Anxiety rises as Iranian currency falls by 40 percent
TEHRAN, Iran — For months, since the imposition of harsh, U.S.-led sanctions over Iran’s nuclear program, the country’s leaders have sworn they would never succumb to Western pressures, and they scoffed at the idea that the measures were having any serious impact. But after a week in which the Iranian currency, the rial, fell by a shocking 40 percent and protests began to rumble through the capital, no one is making light of the mounting costs of confrontation.
In the Iranian capital, all anyone can talk about is the rial, and how lives have been turned upside down in one terrible week. Every elevator ride, office visit, or quick run to the supermarket brings new gossip about the currency’s drop and a swirl of speculation about who is to blame.
“Better buy now,” one rice seller advised Abbas Sharabi, a retired factory guard, who had decided to buy 900 pounds of Iran’s most basic staple in order to feed his extended family for a year.
“As I was gathering my money, the man received a phone call,” said Sharabi, smoking cigarette after cigarette on Thursday while waiting for a bus. “When he hung up he told me prices had just gone up by 10 percent.
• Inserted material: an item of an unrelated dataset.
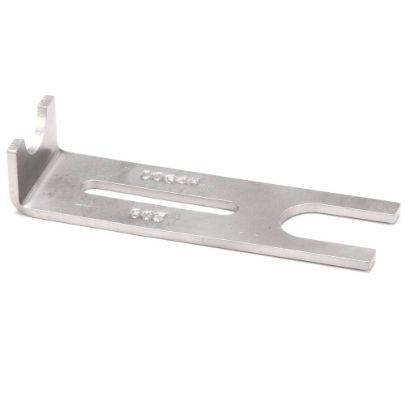 Picture of Edlund Clip, Retaining #10, 603 Size Part# C084H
Of course I paid. God knows how much it will cost tomorrow.”
While only a few people actually need to exchange the rial for foreign currency, its value is one of the few clear indicators of the state of the economy, and its fall has sharply raised the prices of most staples.
In Tehran, many residents spend their days calling on money changers and visiting banks, deliberating whether to sell their rials now or wait for a miracle that would restore the rates to old levels, or for even a modest rally from the panic-driven lows of the last week.
“The fluctuations are so large that nobody knows whether it is better to wait or to change now,” said Ahmad, 65, as he shared a taxi to the west Tehran neighborhood of Sadeghiyeh.
“I am so fed up,” said Ahmad, a garment seller, who like others here did not want to be identified by his full name for fear of retribution from the authorities. “I want to have a normal life, but from breakfast, to lunch to dinner, everybody only nervously talks of hard currency.”
Like many residents of the capital, Ahmad had tuned in to President Mahmoud Ahmadinejad’s news conference on Tuesday, hoping that he would offer some sort of solution.
Instead, Ahmadinejad attributed most of the rial’s weakness to currency speculators and the sanctions, saying that it is only natural that the currency should suffer when it is possible to sell oil only in small quantities and when it is hard to make international bank transfers.